Sin embargo, es elemental, inevitable e inteligente que el ser humano cree categorías. Si cada vez que pasamos por un barrio nos apedrean el coche, deducimos que allí hay un peligro; si los keniatas corren como las gacelas, he de prepararme; si cada vez que el reloj marca las ocho de la tarde anochece, entonces mañana esperaré la misma conducta. El desafío para la inteligencia humana es hacer convivir estas dos realidades: el aprendizaje a partir de las experiencias vividas con la necesidad de evitar el prejuicio, injusto incluso aunque sus fundamentos sea verdadero. Lo peor de que un amigo te engañe no es el daño en esa relación sino que te enseña a tener cautela con el próximo amigo. Lo inteligente es aprender sin dejar de tener la mente y las puertas abiertas. Los humanos podemos hacerlo a nada que no seamos imbéciles.

Por eso es necesario que la prensa cuente la verdad, que sepamos qué pasa en Son Banya, que digamos que lo de Magaluf es un asunto de ingleses, o que asociemos los contenidos de Hola con una parte del público. La lucha de la progresía contra estos estereotipos es inútil y jamás conducirá a nada. Este esfuerzo deberían dirigirlo, en cambio, a lo que están haciendo las tecnológicas con los algoritmos, que sí son discriminadores. Y nada perspicaces.

El algoritmo es el modo cómo los Apple, Google, Facebook o Twitter gestionan la red a partir de sus estadísticas. Se comportan igual que el ser humano pero sin inteligencia. Es el prejuicio mecanizado, industrializado. Sólo recogen datos: si usted entró un día en la página de BMW, es rico; si quiere saber qué piensa Puigdemont, es nacionalista catalán; si lee un libro de Zimbabwe, es BLM; si un día miró por qué cayó un avión, es un pirado de los siniestros aéreos. Con toda esta información hacen perfiles que incluyen información financiera, cultural, social, política, y que comercializan.

Nada puede ser más discriminador ni sectario porque trata a las personas estrictamente en función de su pasado. Ni siquiera en función de sus deseos sino de su navegación en la red. Basta clicar un día por accidente una de las incontables ventanas que se abren en nuestras pantallas para ser acosado para vendernos esos productos o para persuadirnos más aún de lo que podemos estar.

La progresía, que se alimenta exclusivamente de progresía, no ha entrado en este campo tal vez porque no lo entiende, pero es realmente una de las mayores maneras de prejuzgar, de crear grupos sociales aislados, de radicalizar a la gente, de estigmatizar. Pero sin la sutileza humana.

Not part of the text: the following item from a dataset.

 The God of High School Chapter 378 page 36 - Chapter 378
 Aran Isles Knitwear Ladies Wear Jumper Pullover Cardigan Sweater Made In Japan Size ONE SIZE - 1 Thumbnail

Todos los que ven a Jordan Peterson quedan automáticamente alineados con Eduardo Inda; todos los que bebieron siquiera una vez de Owen Jones ya nunca más recibirán información liberal; aquellos que quieren saber qué dice Pablo Iglesias quedan etiquetados junto con eldiario.es y toda la progresía woke. Los borregos de estos grupos sociales confirman así que sus ideas eran las correctas, incluso las únicas, y que van bien por ese camino. Realimentan su estupidez. Y confirman que no están solos, que es lo que de verdad les preocupa.

¿Vemos que nunca hemos tenido tantos prejuicios (industrializados) al tiempo que nunca los habíamos denunciado tanto? Las paradojas de la idiotez contemporánea.